Peri Bradley critiqued the show in the chapter "The Politics of Camp" in British Culture and Society in the 1970s: The Lost Decade. Bradley examined how camp could "operate as a political and liberating force" in the 1970s; and felt that Emery's characters "comprised representations [which] instigated" a "transformation of consciousness" as described by the gender theorist Judith Butler.

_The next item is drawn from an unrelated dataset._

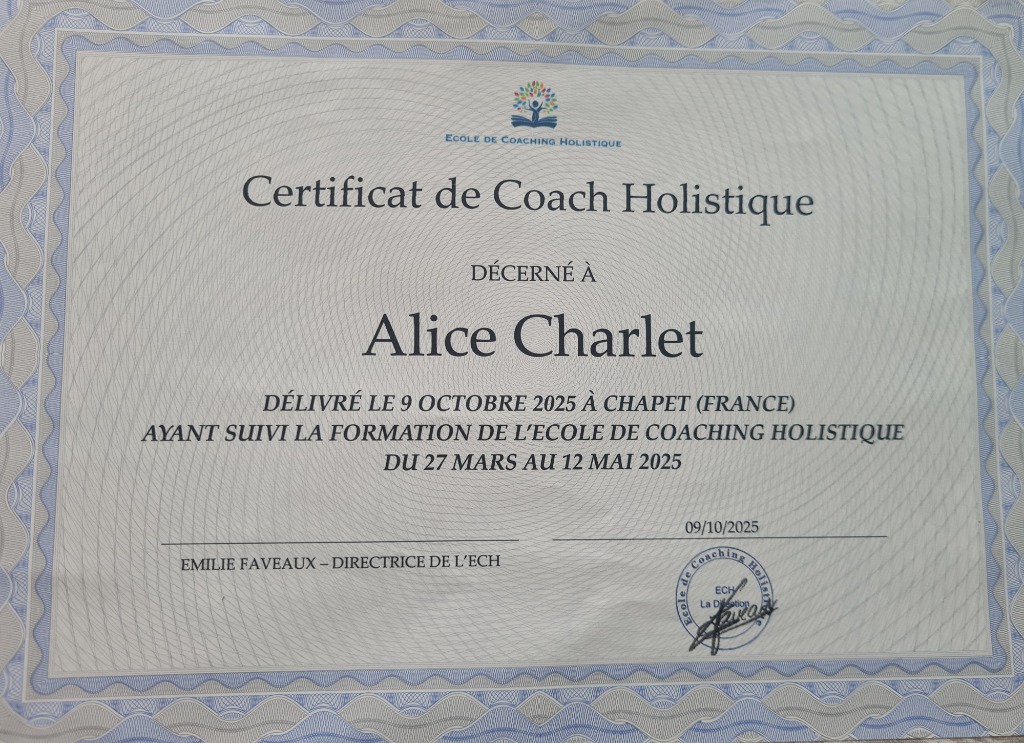 photo diplome Alice CHARLET- La liberté d’Être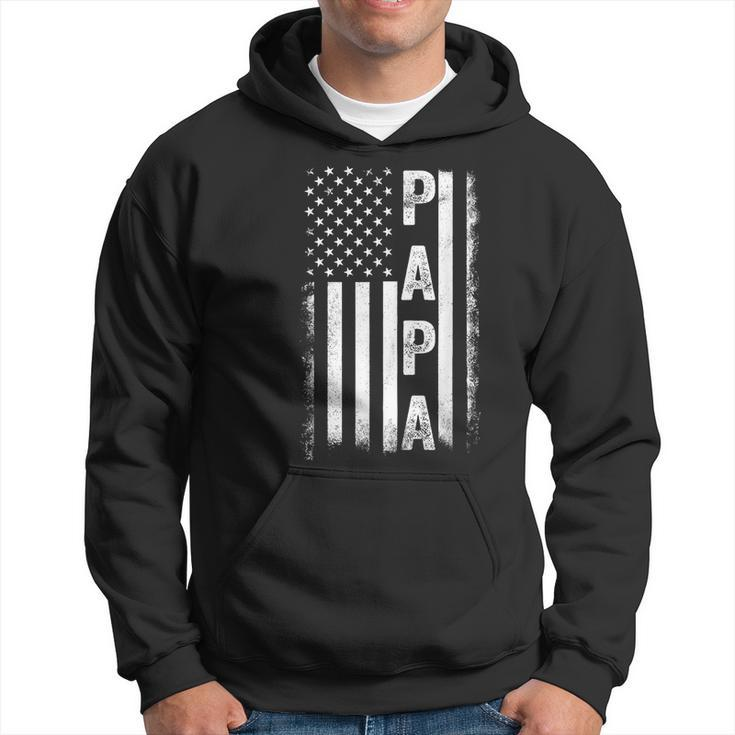 Proud Papa American Flag Fathers Day Grandpa For Men Hoodie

Outtakes of corpsing from the series were subsequently included in the show in a section called 'The Comedy of Errors'.

==Characters==
Characters portrayed by Emery included: Bovver Boy, a hapless skinhead whose father was played by Roy Kinnear; the camp and cheerful Clarence; First World War veteran Lampwick; and Mandy, a 'very friendly' middle-aged blonde bombshell. Some other characters were College (an intellectual tramp); the 'menopausal would-be-maneater' Hetty; and Ton-up Boy, the biker.
Hetty and Mandy were both played by Emery in drag.

==Vox pops==
Contrived vox pops with the show's characters were a notable feature; this would later be featured in the shows of Fry and Laurie. The format was developed by David Cummings and the interviewer was played by Deryck Guyler and later by Gordon Clyde. Each character played by Emery would be asked the same question by the interviewer. The vox pops that featured Mandy, a 'very friendly blonde bombshell', would end with her perceiving a double entendre in the innocuous question of the reporter and then after giving them a 'friendly but over-forceful push' and saying her catchphrase, "Ooh, you are awful, but I like you". The popularity of Mandy's catchphrase would see it included in the Oxford Dictionary of Modern Quotations, described as 'Mandy's habitual protest'.

==Home media==
An 85-minute compilation titled Comedy Greats: Dick Emery containing the very best sketches from The Dick Emery Show was released on UK PAL VHS by BBC Video on 11 October 1999.

This was re-released on Region 2 DVD on 11 July 2005 by 2 Entertain Video BBC Studios titled: The Best of Dick Emery.